A Strong Start to 2026: Saudi Arabia’s Fiscal and Investment Trajectory
- j. awan capital
- 5 days ago
- 3 min read
This week marks a significant start to the year, as the Kingdom unveils clear fiscal and regulatory roadmaps for 2026. The approval of the annual borrowing plan establishes a framework for debt sustainability, while robust consumer spending data highlights a resilient domestic economy and a rapidly maturing digital landscape. At the same time, new proposed regulations for real estate ownership signal a continued commitment to opening the market to international capital while maintaining strategic safeguards.
Together, these developments offer a snapshot of a growth model that balances fiscal discipline with ambitious structural reforms.
2026 Borrowing Plan and Fiscal Strategy
The Minister of Finance and Chairman of the National Debt Management Center, Mohammed Al-Jadaan, has formally approved the Kingdom’s 2026 annual borrowing plan. Total financing needs for the year are estimated at SAR 217 billion, strategically allocated to cover a projected budget deficit of SAR 165 billion and to repay SAR 52 billion in maturing debt.

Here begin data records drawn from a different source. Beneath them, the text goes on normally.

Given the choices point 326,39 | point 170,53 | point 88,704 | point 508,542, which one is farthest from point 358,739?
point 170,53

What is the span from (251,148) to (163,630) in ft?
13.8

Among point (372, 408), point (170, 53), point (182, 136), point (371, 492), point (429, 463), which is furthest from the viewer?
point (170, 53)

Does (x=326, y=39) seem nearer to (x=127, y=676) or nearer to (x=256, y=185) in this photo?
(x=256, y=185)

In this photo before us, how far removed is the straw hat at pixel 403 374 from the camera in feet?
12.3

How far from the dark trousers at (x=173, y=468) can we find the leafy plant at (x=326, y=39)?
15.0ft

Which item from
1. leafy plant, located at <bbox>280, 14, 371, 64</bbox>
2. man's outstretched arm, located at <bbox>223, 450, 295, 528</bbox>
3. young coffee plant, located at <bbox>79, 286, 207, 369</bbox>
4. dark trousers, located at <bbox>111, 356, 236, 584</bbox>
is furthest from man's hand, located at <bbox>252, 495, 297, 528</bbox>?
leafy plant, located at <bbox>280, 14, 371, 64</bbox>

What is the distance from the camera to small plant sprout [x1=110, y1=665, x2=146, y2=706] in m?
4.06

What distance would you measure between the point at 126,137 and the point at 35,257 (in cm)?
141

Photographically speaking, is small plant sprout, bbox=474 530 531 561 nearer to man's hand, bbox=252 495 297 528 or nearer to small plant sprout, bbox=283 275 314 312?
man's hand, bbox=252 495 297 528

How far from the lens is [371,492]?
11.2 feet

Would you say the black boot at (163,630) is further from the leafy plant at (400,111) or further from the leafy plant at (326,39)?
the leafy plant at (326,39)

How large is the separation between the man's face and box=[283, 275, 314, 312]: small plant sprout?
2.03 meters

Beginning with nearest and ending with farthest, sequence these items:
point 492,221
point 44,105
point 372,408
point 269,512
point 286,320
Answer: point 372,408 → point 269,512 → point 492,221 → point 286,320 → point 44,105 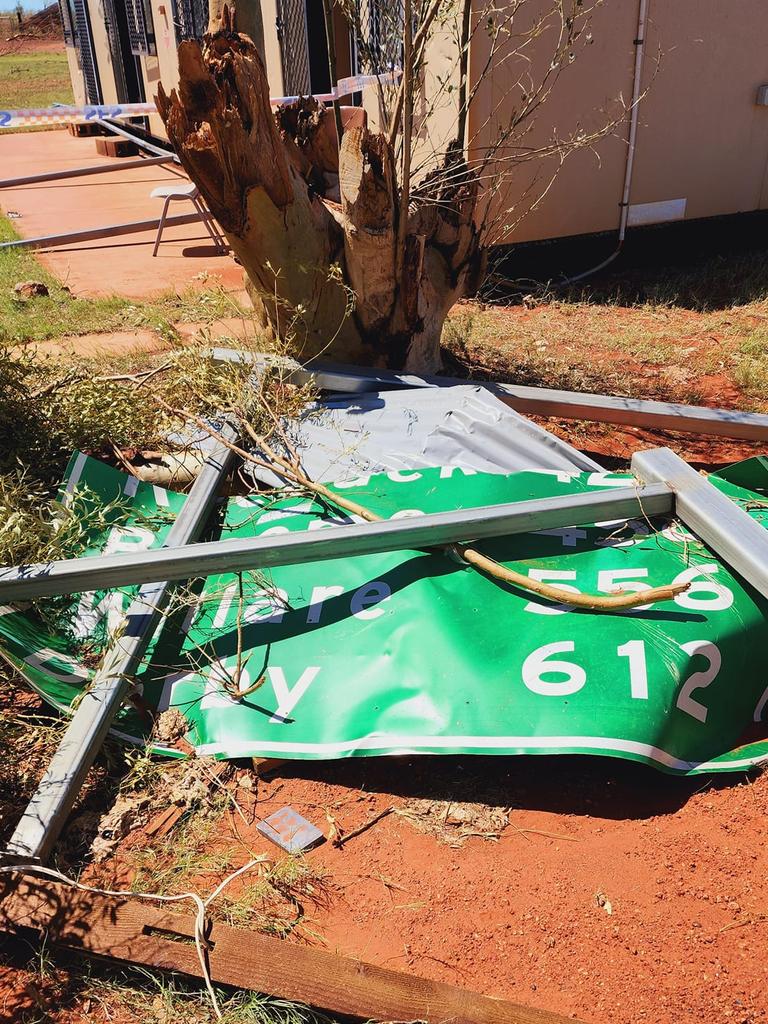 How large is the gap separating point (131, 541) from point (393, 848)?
5.47 feet

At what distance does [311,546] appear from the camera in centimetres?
283

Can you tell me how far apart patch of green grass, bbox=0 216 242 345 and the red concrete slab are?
310mm

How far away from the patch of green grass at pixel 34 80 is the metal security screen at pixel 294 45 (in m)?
15.1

The 2026 strategy emphasizes diversification of funding sources, targeting both domestic and international markets through public and private channels. Key initiatives include:
Expanding the Investor Base: Actively broadening participation in Saudi debt instruments.
Variety of Instruments: Continuing the issuance of bonds, sukuk, and loans under carefully designed risk management frameworks.
Consumer Spending Resilience and Digital Migration
New data from SAMA for November 2025 shows that consumer spending in Saudi Arabia reached SAR 129.1 billion, marking an 11% increase compared to the same period in 2024. Traditional point-of-sale (POS) transactions grew by 5%, reaching SAR 59 billion, but the most notable trend is the explosive growth in e-commerce.
E-commerce sales via Mada cards surged 67% year-on-year, reaching SAR 29.1 billion. Meanwhile, cash withdrawals from ATMs declined by approximately 4%, reflecting a structural shift toward a cashless economy. For investors, these trends underscore the resilience of the Kingdom’s retail and digital infrastructure sectors, positioning them as key drivers of non-oil GDP growth.
Regulatory Evolution in Real Estate Ownership
The Capital Market Authority (CMA) has opened a public consultation on a draft framework to regulate real estate ownership for listed companies, investment funds, and special purpose vehicles (SPVs) across the Kingdom, including the Holy Cities of Makkah and Madinah. The proposed regulations aim to improve market efficiency and attract international capital by establishing a clear and transparent mechanism for acquiring real estate rights.
Riyadh Bills 60,000 Landowners
The billing cycle officially came into effect on the first day of 2026, as authorities began issuing more than 60,000 invoices to landowners in Riyadh under the White Land tax. The move signals stricter enforcement aimed at accelerating land development and easing housing supply constraints in the capital.
Venture Capital Hits Two Historic Milestones in 2025
Venture capital activity in the Kingdom achieved two historic milestones in 2025, reinforcing regional leadership for the third consecutive year. According to Saudi Venture Capital Company (SVC), a record 254 venture capital deals were completed during the year, while total investment reached an all-time high of USD 1.66 billion ,a 25-fold increase compared to 2018.
These results highlight the growing maturity of the venture ecosystem, stronger participation from regional and global investors
Conclusion
The Kingdom starts 2026 on a strong footing, with a clear fiscal roadmap, resilient consumer spending, and rapid digital adoption highlighting a robust domestic economy. Regulatory reforms in real estate and the enforcement of the White Land tax demonstrate a commitment to efficient market development and sustainable growth. Meanwhile, historic milestones in venture capital reflect the maturation of the private investment ecosystem and the transformative impact of Vision 2030. Collectively, these developments underscore Saudi Arabia’s strategic balance between fiscal discipline, structural reform, and innovation-driven growth.
Sources
Ministry of Finance / National Debt Management Center (NDMC) – Approval of 2026 annual borrowing plan and fiscal strategy.
Saudi Central Bank (SAMA) – Consumer spending and e-commerce data, November 2025.
Capital Market Authority (CMA) – Public consultation on real estate ownership regulations.
Makkah Newspaper – “Riyadh bills 60,000 landowners as White Land tax penalties take effect,” 4 January 2026.
Saudi Venture Capital Company (SVC) – Annual venture capital report 2025, including deal volume and total investment; statements by CEO Dr. Nabil Koshak.